Mate sampling experiment

This experiment was designed to test whether female crickets actively reject some callers in favor of others and if so, to distinguish between the mate sampling strategies in use. The experimental design had to ensure that the female crickets be presented with the best chance of rejecting a male i.e. scenarios where the females were most likely to approach a male with a suboptimal trait value while simultaneously perceiving the presence of another male. Pairs of male P. guttiventris calling males were located in the field such that the distance between them was less than a meter to ensure female’s perception of both males simultaneously (Mhatre and Balakrishnan 2006). After measuring calling song SPL at source, a pair was selected for the experimental trial only if one of the callers called at an SPL less than the mean SPL (77.2 dB) of the population except in 4 trials (where both were higher). If multiple pairs of callers were located within a night, the pair with the least distance between the two callers or maximum relative SPL difference at source was selected for experimentation. The relative SPL of male calling song at the female release position was calculated using the known attenuation profile of P. guttiventris calling song in the habitat (Mhatre and Balakrishnan 2006). Two CCTV cameras were deployed to monitor the calling activity of males throughout the duration of the experiment, which were connected to a laptop via a DVR system placed at a distance of more than 7 m from the callers. The experiment was initiated 5-10 minutes after setting up the CCTV cameras to ensure minimal disruption in calling activity.

Virgin females, aged 10 to 13 days after the final molt (see Supplementary Material for details), were released approximately 40 cm from the caller with the lower calling song SPL at source (1^st male) such that the release point was collinear with the two callers and the 1^st male was louder at the female position than the 2^nd male (louder at source). Once released, the female was followed using either an IR-sensitive video-camera or by eye under red light from a distance to ensure minimal disruption of its movement. Female approach to a calling male was confirmed by two observers, one directly observing the females and the other observing CCTV transmission of male activity on the laptop. Female mating was confirmed either by female mounting behaviour followed by male-female coupling and subsequent transfer of the male spermatophore, when the mating behaviour took place outside the cracks in the ground from which the males were found calling, or by relocating the female with a spermatophore attached when matings took place inside the cracks. The experimental observation was continued until the unmated male stopped calling or the mated female walked away from the calling males. In trials where there was no mating after phonotaxis, observations were continued until the males stopped calling or the female walked away from the chorus.

Remating experiment

Laboratory experiments were conducted on Plebeiogryllus guttiventris females to investigate the probability of remating and the time taken since the first mating to do phonotaxis and remate. In the first set, single-speaker playback and mating trials were conducted on the same females for at least five consecutive nights after the first mating. In an independent second set, females were tested in the same experimental paradigm with a latency of a week from the first mating for two weeks. Laboratory bred females between the age of 11-17 days since the final moult were used for these experiments. All experimental trials were conducted inside an anechoic chamber. Phonotactic and mating behaviors were recorded using an IR sensitive video camera (Sony, DCR TRV 17-E, Sony Corporation, Japan) under external infrared lights.

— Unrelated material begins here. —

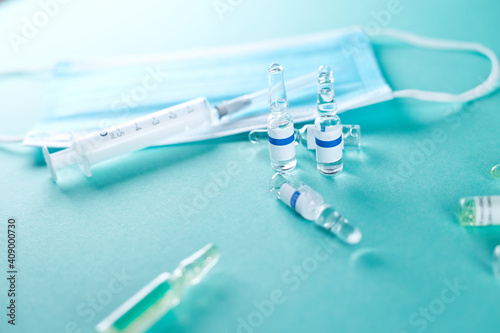 Ampoules with Covid-19 vaccine on blue background. Vaccination concept.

A female was released 50 cm from a speaker that played out a typical P. guttiventris call with mean song parameter values appropriate for that temperature (25° C). The SPL at the female release position was ensured to be at 61 dB (typical SPL value at 50 cm from the source in the field) using a Brüel & Kjær Sound Level Meter, Type 2250 with a ½” microphone, Type 4189. Females were presented with a conspecific male after showing a phonotaxis response, defined as reaching within 5 cm from the speaker or within 10 minutes from the initiation of the trial when phonotaxis response was absent. The mating trials were conducted in a sponge cube of 35.5 cm x 35.5 cm x 30 cm with a cylindrical hole of diameter 15 cm and depth 15 cm in the center. A mating trial was scored as negative only if the male courted and the female did not mount the male after 10 minutes from the start of the mating trial. A female was exposed to a new male for the subsequent trials. Identical experimental methodology was followed for the two different sets.

Ethical Note

All the SPL measurements, spatial data collection and animal handling for the behavioral experiments were as per the national guidelines for the ethical treatment of animals.

Mate sampling simulations

The choruses sampled in the field varied in the number of callers (4-13) and nearest neighbour distances between callers (Fig. S2). The effect sizes for the probability of mating was significantly greater than zero for all the comparisons across the different simulation sets and therefore implies that the females using ‘passive attraction’ were the most likely to mate (Fig. 1). Despite low magnitude of effect sizes, the percentage change was considerable even for comparisons with the fixed-threshold strategy (ranging from 15.6 % to 37.9 %) which yielded the least difference (Fig. 1 and Fig. S3). The relative performance of different sampling strategies did not change across the different treatments of time window for sampling and sampling area within the ‘Fast’ and ‘Slow’ female sets (Fig. S3).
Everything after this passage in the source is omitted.